Ada sebuah kisah mengerikan yang menimpa dua sahabat terbaikku, di tempat dan waktu yang berbeda.
Sebut saja mereka Arya dan Sansa. Dua-duanya perempuan dan bukan kakak beradik. Tahun 2011, Arya kehilangan laptop barunya. Kala itu ia sedang mengerjakan sesuatu dengan laptopnya di kamar kos. Karena ingin kencing, ia meninggalkan laptopnya begitu saja di kamar. Kamar kos Arya ada di dalam sebuah rumah, namun ada satu jendela yang merupakan jalur udara dari kamar menuju keluar. Tidak sampai lima menit Arya ke kamar mandi, laptopnya sudah hilang. Kalau bukan dicuri orang, tak mungkin ia lupa menaruhnya dimana.
Laptop itu baru berusia beberapa hari, namun mungkin bukan rezekinya Arya untuk memilikinya, maka Arya berusaha ikhlas melepas. Tak ada yang dituduh, tak ada yang dicurigai. Arya melanjutkan hidupnya dengan perasaan yang masih sedih dan kalut. Sore itu ia mengunjungi spot dimana ayahnya meregang nyawa dalam sebuah kecelakaan minibus beberapa tahun silam. Ia menyendiri di tempat itu sembari merenung. Arya kangen ayahnya.
Rupanya dari tempat yang tidak terlalu jauh, ada seorang lelaki berusia matang mendekatinya, mengajak bicara lalu entah kenapa mereka bisa akrab. Arya menceritakan alasannya berada di pinggir jalan raya antarkota yang ramai itu. Ia pun bercerita tentang laptopnya yang hilang dalam sekejap. Bapak tersebut pun membuka suara. Beliau ingat anaknya. Anaknya mungkin seusia Arya jika masih hidup. Meninggal karena sakit beberapa tahun yang lalu, anak gadis yang Bapak tersebut sayangi masih saja menghantui beliau setiap hari. Mari kita sebut beliau Pak Nganu.
Singkat cerita, Pak Nganu merasa melihat sosok anaknya pada diri Arya, mereka pun bertukar nomor ponsel dan rajin bertegur sapa via jaringan. Pak Nganu sangat baik pada Arya, beliau bahkan menawarkan Arya laptop yang baru atau motor agar Arya bisa leluasa bepergian tanpa takut kehabisan bis. Arya menolak, memang Arya yang kukenal bukanlah perempuan matre yang suka barang gratisan.

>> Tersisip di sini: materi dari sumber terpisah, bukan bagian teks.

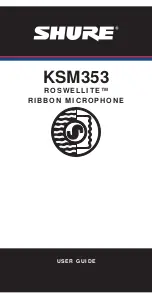 Shure ROSWELLITE KSM353 User Manual preview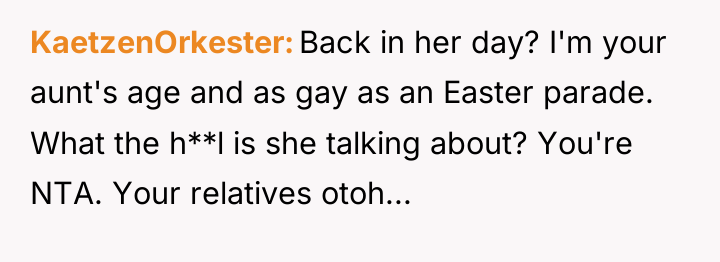 KaetzenOrkester Back in her day? I'm your aunt's age and...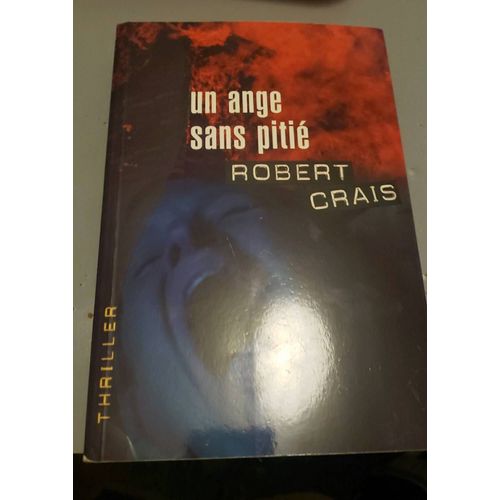 Un Ange Sans Piti Robert Crais   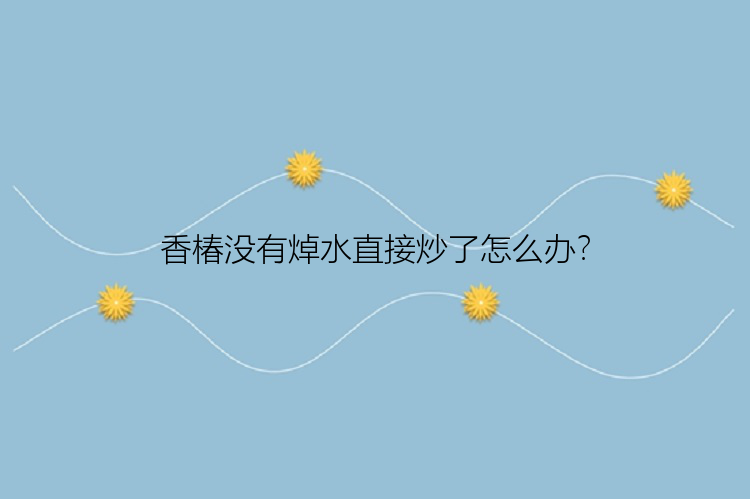 香椿没有焯水直接炒了怎么办？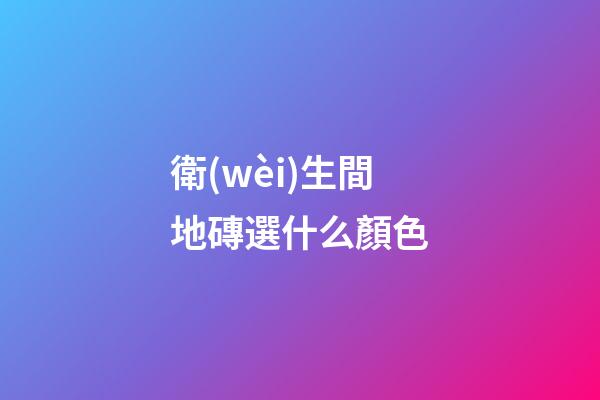 衛(wèi)生間地磚選什么顏色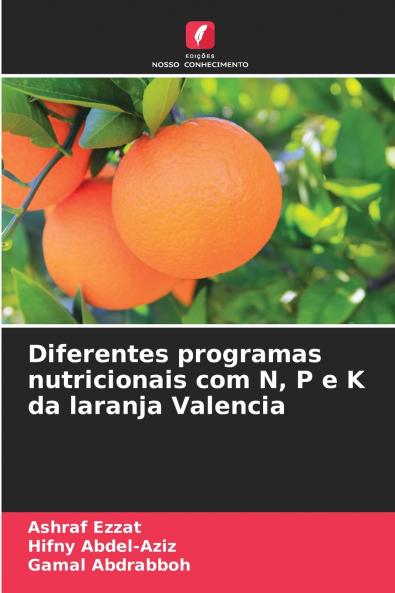 Diferentes programas nutricionais com N P e K da laranja Valencia
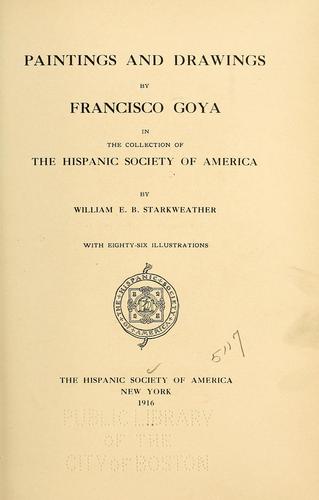 Paintings and drawings by Francisco Goya in the collection of the Hispanic Society of America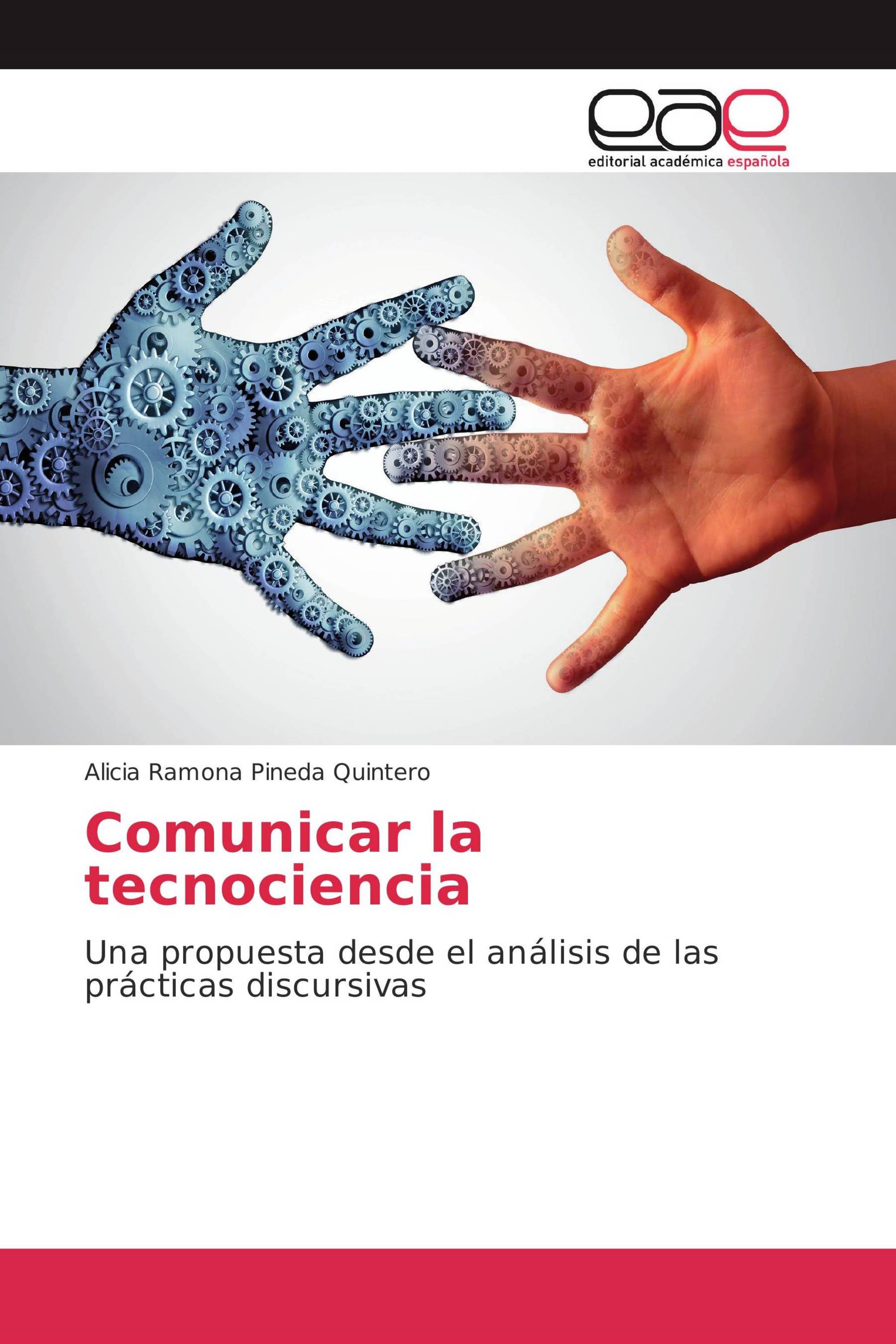 Comunicar la tecnociencia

Kedekatan Arya dan Pak Nganu sudah sekitar dua bulan. Kala itu Pak Nganu bertandang ke kos Arya dan berkata bahwa kos Arya ini “hawanya tidak enak”. Beliau menambahkan bahwa laptop Arya yang hilang pada waktu itu bisa jadi melibatkan sentuhan ghaib. Tanpa diminta, Pak Nganu datang lagi keesokan harinya, membawa beberapa butir telur yang sudah ia doakan atau apalah itu. Telurnya ditaruh di dalam kamar Arya, tempat laptopnya hilang. Kata Pak Nganu, telur itu tidak boleh disentuh atau dipindah tempat sampai waktu yang ditentukan. Entah tiga atau tujuh hari aku lupa.
Arya yang waktu itu sudah punya laptop baru lagi, sebetulnya sudah merasa ikhlas dan tidak perlu mengungkit hal yang sudah-sudah. Hanya untuk menghormati Pak Nganu saja maka ia tidak menghentikan usaha Pak Nganu untuk mengusir hawa ghaib yang entah apa itu.
Setelah beberapa hari berlalu, Pak Nganu datang lagi ke kos Arya. Dipecahkannya telur-telur itu. Tanpa disangka, di dalamnya terdapat gumpalan rambut dan beberapa benda tajam. Kata Pak Nganu, ini sudah masuk level luar biasa parah. Maka sore itu juga Pak Nganu mengajak Arya untuk semedi. Dengan tergesa-gesa, Arya mengemasi barang-barangnya. Pak Nganu mengingatkannya untuk tidak meninggalkan barang berharganya di dalam kamar. Maka Arya masukkan laptop, dompet, ponsel, uang dan barang berharga lain ke dalam tas.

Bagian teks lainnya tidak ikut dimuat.